If you think about all of this, you'll see that it's possible for the FDC to seek correctly to any cylinder, without ever reading any data from the disk in the drive.

Once the FDC knows (or thinks it knows) that it's on the right cylinder, it uses the HDSEL signal to tell the drive which head it wants.

After that; near the start of each sector on the floppy disk there's an "address mark" (before the sector's data) - these address marks are created when the disk is formatted. The address marks are read until one of the address marks matches the "cylinder, head and sector" that you're looking for; and then the FDC can start reading or writing the sector's data. Also note that there's a hole in the floppy disk that lines up with an special "hole detector" that is connected to the INDX signal. If the FDC sees 2 pulses on the IDX signal, then it knows that the heads have read every address mark on the track and none matched what you're looking for, so it stops trying and gives you an "address mark not found" error.

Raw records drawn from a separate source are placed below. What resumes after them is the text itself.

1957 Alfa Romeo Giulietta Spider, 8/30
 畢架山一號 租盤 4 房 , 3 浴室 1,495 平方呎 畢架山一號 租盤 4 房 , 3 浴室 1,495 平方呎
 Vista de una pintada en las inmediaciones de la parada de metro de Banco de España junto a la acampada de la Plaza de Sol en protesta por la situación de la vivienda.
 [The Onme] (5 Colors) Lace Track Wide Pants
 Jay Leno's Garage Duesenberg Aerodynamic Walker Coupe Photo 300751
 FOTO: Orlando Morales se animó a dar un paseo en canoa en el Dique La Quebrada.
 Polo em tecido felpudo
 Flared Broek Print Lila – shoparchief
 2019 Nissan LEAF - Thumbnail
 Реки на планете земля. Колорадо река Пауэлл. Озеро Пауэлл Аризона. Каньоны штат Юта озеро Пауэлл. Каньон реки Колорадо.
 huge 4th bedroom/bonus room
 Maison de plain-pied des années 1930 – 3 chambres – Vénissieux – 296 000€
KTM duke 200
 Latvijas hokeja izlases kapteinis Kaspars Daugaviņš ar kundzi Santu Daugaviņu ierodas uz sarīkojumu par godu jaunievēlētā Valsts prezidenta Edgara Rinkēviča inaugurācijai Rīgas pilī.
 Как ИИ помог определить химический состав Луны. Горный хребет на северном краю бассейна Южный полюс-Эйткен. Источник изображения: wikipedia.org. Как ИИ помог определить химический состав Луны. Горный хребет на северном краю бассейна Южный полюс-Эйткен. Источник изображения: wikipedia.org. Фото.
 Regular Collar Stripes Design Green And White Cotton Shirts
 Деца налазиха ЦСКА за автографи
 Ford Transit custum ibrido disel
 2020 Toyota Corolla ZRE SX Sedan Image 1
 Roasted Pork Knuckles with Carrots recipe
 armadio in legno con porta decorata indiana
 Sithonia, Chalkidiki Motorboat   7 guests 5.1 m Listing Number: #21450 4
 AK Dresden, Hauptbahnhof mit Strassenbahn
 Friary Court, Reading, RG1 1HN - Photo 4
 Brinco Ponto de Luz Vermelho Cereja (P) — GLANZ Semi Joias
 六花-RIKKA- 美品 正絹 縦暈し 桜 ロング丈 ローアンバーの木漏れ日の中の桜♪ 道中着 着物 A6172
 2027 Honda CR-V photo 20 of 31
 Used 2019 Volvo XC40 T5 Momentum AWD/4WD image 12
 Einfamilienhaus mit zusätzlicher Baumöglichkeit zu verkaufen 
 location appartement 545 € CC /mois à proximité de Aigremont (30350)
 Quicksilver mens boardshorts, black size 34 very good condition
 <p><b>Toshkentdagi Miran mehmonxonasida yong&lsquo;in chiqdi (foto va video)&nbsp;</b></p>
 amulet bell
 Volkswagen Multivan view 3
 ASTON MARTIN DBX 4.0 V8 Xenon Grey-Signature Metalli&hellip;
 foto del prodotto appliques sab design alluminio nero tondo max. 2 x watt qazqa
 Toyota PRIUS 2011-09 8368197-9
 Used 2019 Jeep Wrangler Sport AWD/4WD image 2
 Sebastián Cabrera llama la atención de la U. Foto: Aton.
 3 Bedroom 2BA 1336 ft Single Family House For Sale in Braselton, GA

Note that there's no need for sectors to be in any specific order within a track. If the sectors are created in a strange order with the format command (e.g. sector numbers 9, 1, 5, 7, 2, 6, ...) then it will all still work fine (the FDC will find the address mark it's looking for before getting 2 IDX pulses).

There are various "interleaving" schemes that use this fact to improve timing (in certain situations). For example, if you read one sector, then do something else for a little while, then read the next sector, then do something else for a little while, etc; then sequential order will mean that after reading sector 1 and doing something else you've missed the start of sector 2 and have to wait an entire disk rotation before the start of sector 2 comes around again. This situation can be improved by formatting sectors using a non-sequential order (like 1, 9, 2, 10, 3, 11, 4, ...).

Also, because you get to specify the details stored in the address marks when you format a track; this can also be abused for various non-standard purposes (e.g. disk copy protection again). For example, there's no real reason why you can't use sector numbers 11, 22, 33, 44, 55, 66, 77, ...; and this would be enough to confuse most disk drivers (but not your own which would be designed to accept this strange sector numbering scheme).


Cheers,

Brendan